そこに刻まれるのは、最初の意志の符――《定義の光》


《零の言語》は、翻訳でも改変でもない。対象の“定義そのもの”を上書きする力。


「カイロス。お前の存在意義を、今から書き換える」


「ふざけるな……我は第二黙示! 言葉の終焉をもたらす者……その役割を……!」


「零定義式・再構築――沈黙の従者を、言葉の守人へと再定義する」


瞬間、カイロスの身体が光に包まれる。


「ぐっ……があああああああっ!!」


彼の肉体を構成していた魔語が崩れ、再構築されていく。


言葉を拒絶する存在から、言葉を守る者へ。


意志を破壊する者から、意志を受け入れる者へ。


「……お……れは……何を……」


カイロスが膝をついた。


「……これは……俺の中の、何かが……叫んでる……」


彼の目に、初めて理解の色が宿った。



ーーーー

迷宮の崩壊が止まり、沈黙の領域は完全に消滅した。


ルナが僕に駆け寄る。


「……大丈夫?」


「ああ、なんとか。

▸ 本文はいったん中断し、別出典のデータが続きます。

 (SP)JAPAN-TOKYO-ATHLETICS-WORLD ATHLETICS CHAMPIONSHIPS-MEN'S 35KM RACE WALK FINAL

だけど、カイロスは……」


僕が振り返ると、そこには静かに横たわる彼の姿があった。


「……お前は、俺を変えたな……」


「君は、最初から、そうなりたかったんじゃないのか?」


「……かもしれん……。お前の意味は……確かに届いた……。だが……まだ、第一が動かぬ限り……この戦いは……」


彼の言葉は、そこで終わった。


空に、ひと筋の風が吹いた。



ーーーー

迷宮の最奥、そこには一つの石碑があった。


その表面には、たった一文だけ。


最初の定義――言葉とは魂である


フェリルが涙ぐんだ声で呟く。


「……こんなに単純で……でも、深い……」


ルナも静かに頷いた。


「言葉は力じゃない。誰かの心。だからこそ届くんだ」


僕はそっと手をかざす。


そして、新たな誓いをその碑に刻んだ。